Knowing about assignments in advance

In college, usually at the beginning of the semester, you'll get a syllabus in each of your classes that has basically all the assignments you'll need to complete over the course of the semester up until the final exam (at least in my experience). One of the tricks that may help with maintaining academic integrity is making yourself known about upcoming assignments WAY before they are due. Even if you don't complete these assignments in advance, which I never really do because I'm a procrastinator, just to know that certain important projects or tests are coming up is a good way to avoid cheating on homework and exams because they were sprung on you too "last-minute." Spreadsheets are a good method for organizing each of your assignments into a master doc that will help you stay ahead of the game throughout the semester. Work with friends in your classes to make and use organization tools like a spreadsheet so that it takes the pressure off of you as an individual... which leads me to my next point. 

Use group work wisely! 

Obviously, working with your friends or peers on an assignment or test can sometimes be against the rules so it's important to be aware of which assignments can be done or at least prepared for with other people. If you're not sure, ask... but usually your professor will clarify. For some people, getting into the habit of leaning on your friends and working in groups can be a bad thing because it'll be too tempting to cheat so know your limits. If you're a person who thinks you can get by and the occasional group work would help you, take advantage of those moments when you can do something like make a spreadsheet of your semester's assignments with a group of friends and support each other! Even just casual conversation about work for a certain class can help you and your friends hold each other accountable. Or, if you're someone who thinks you'd be too tempted to cheat off your friends while doing things like this, literally power your phone down when you have to complete something and eliminate distractions from your sight. Out of sight, out of mind. 

Talk to your professors

This strategy depends on the kind of teacher you have but from the beginning of the semester it is good to establish some communication between you and your professor. Whether it's participating in class more or asking questions when you need to, don't be afraid to talk to your professors and ask for help when necessary. If you make yourself known to your professors as an active student from the jump, it will be easier if and when you need help or maybe an extension on a certain assignment further down the line. It's always better to ask for extra help or ask for an extension, if it comes down to it, than cheating on an assignment. If you're cheating because you don't know how to do something or you're confused, present the predicament to a teacher in a way that shows you need help understanding the work and more often than not they should be willing to help you somehow. Moral of the story: don't be afraid to communicate and if it doesn't work out, you'll know that for the future. 

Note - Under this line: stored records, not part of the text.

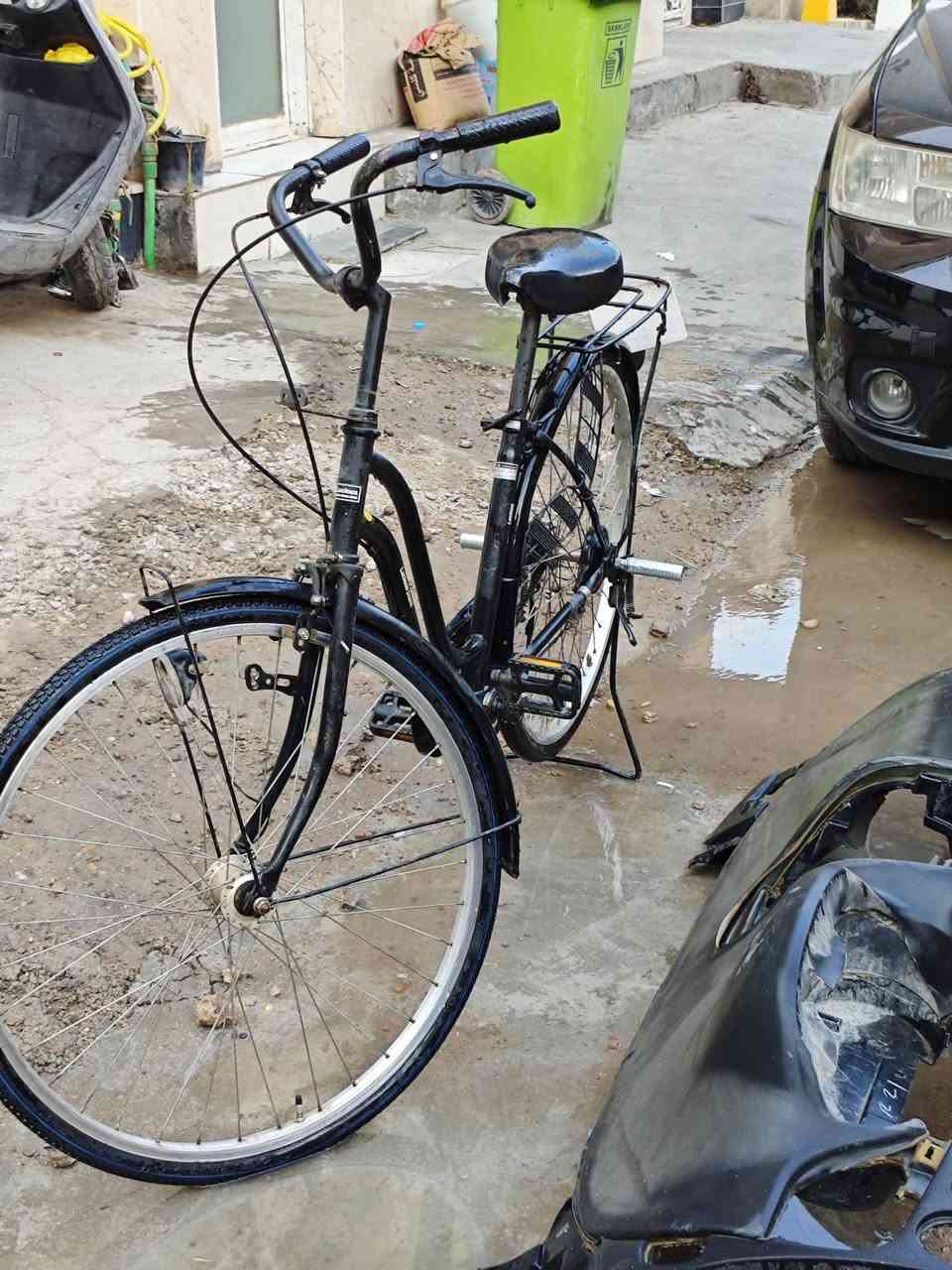 سلام عليكم
بايسكل بناتي للبيع

حجم 26

لون اسود 

سعر 100 بي مجال حك جيه 
مكان بغداد كاضميه
تواصل *********** واتس اب فقط
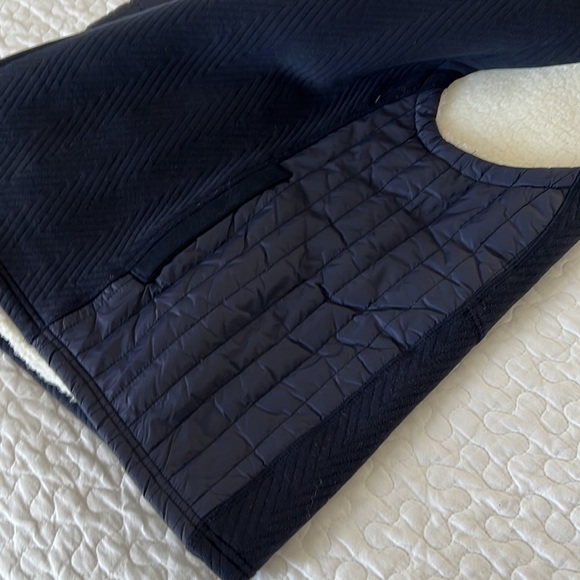 Talbots Navy vest - Picture 2 of 9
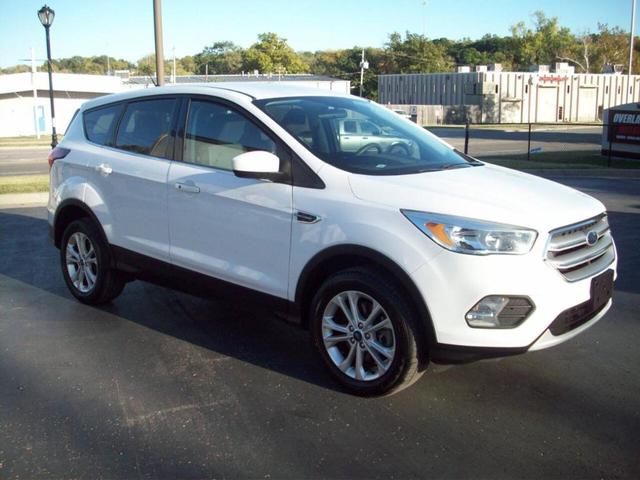 2019 ford escape se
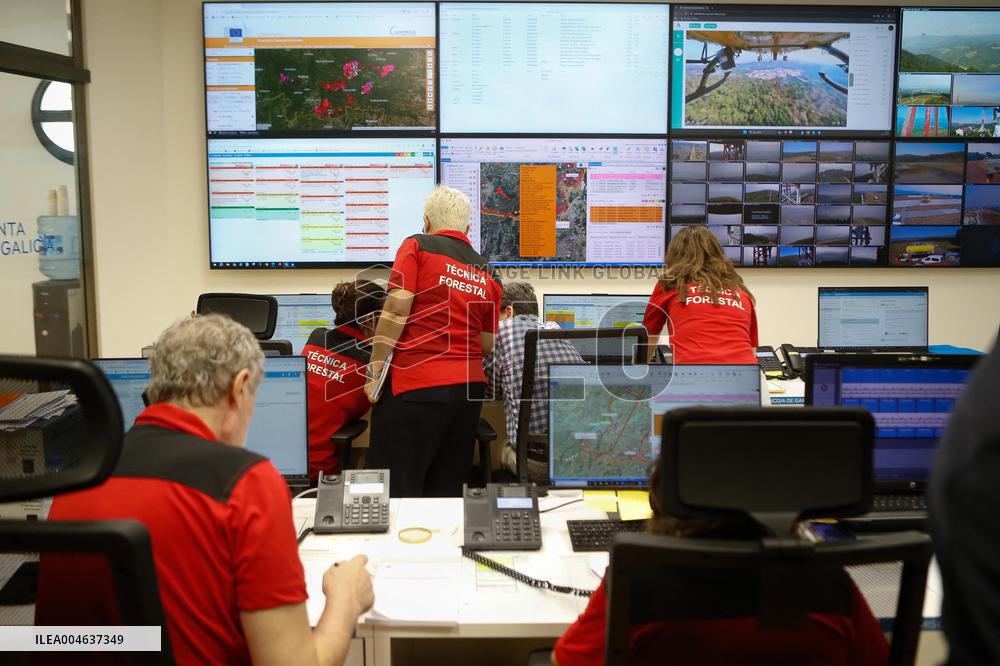 Sanchez visits the Fire Fighting OCC - Galicia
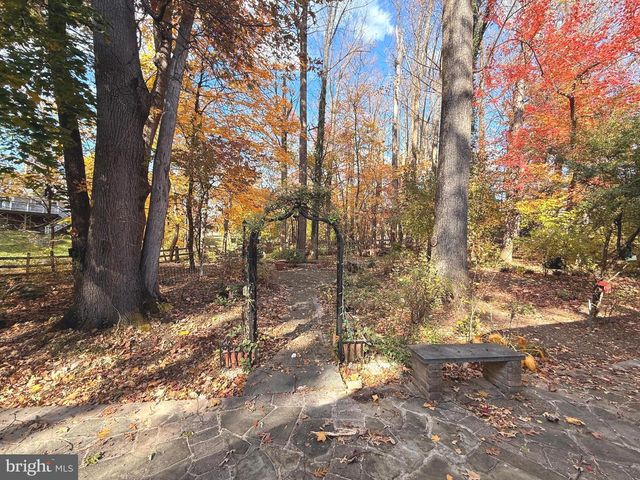 11512 LE HAVRE DR, Potomac, MD 20854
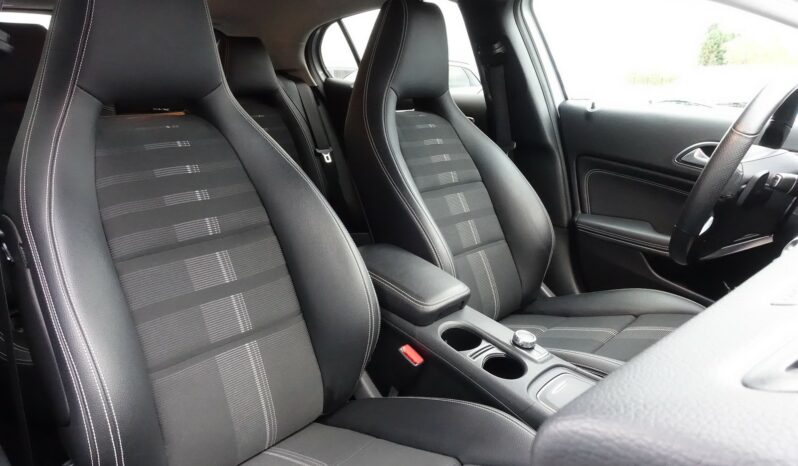 MERCEDES CLASSE GLA 180 7G-DCT complet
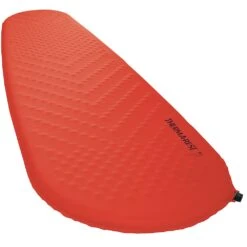 Therm-a-Rest ProLite Plus -Mountain Hardwear Shop 13266 thermarest prolite poppy wmns regular angle
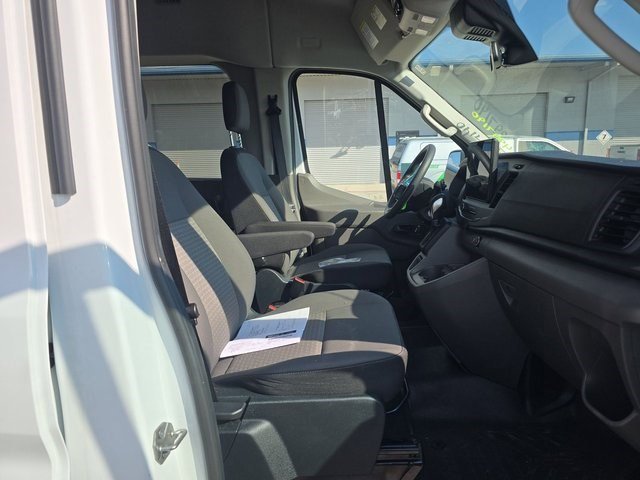 2022 Ford Transit Passenger XLT photo 2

That's really all of I've got for you this time around! If you're on the verge of not maintaining academic integrity, remind yourself of what could be at stake if you do plagiarize or don't take your classes seriously. All the privileges of college life, your dorm, your friends, your extracurriculars, everything could change if you don't put school first. Just become aware of what needs to get done and pursue it, even if it's late. Better to try and fail than not try at all. Thank you for reading!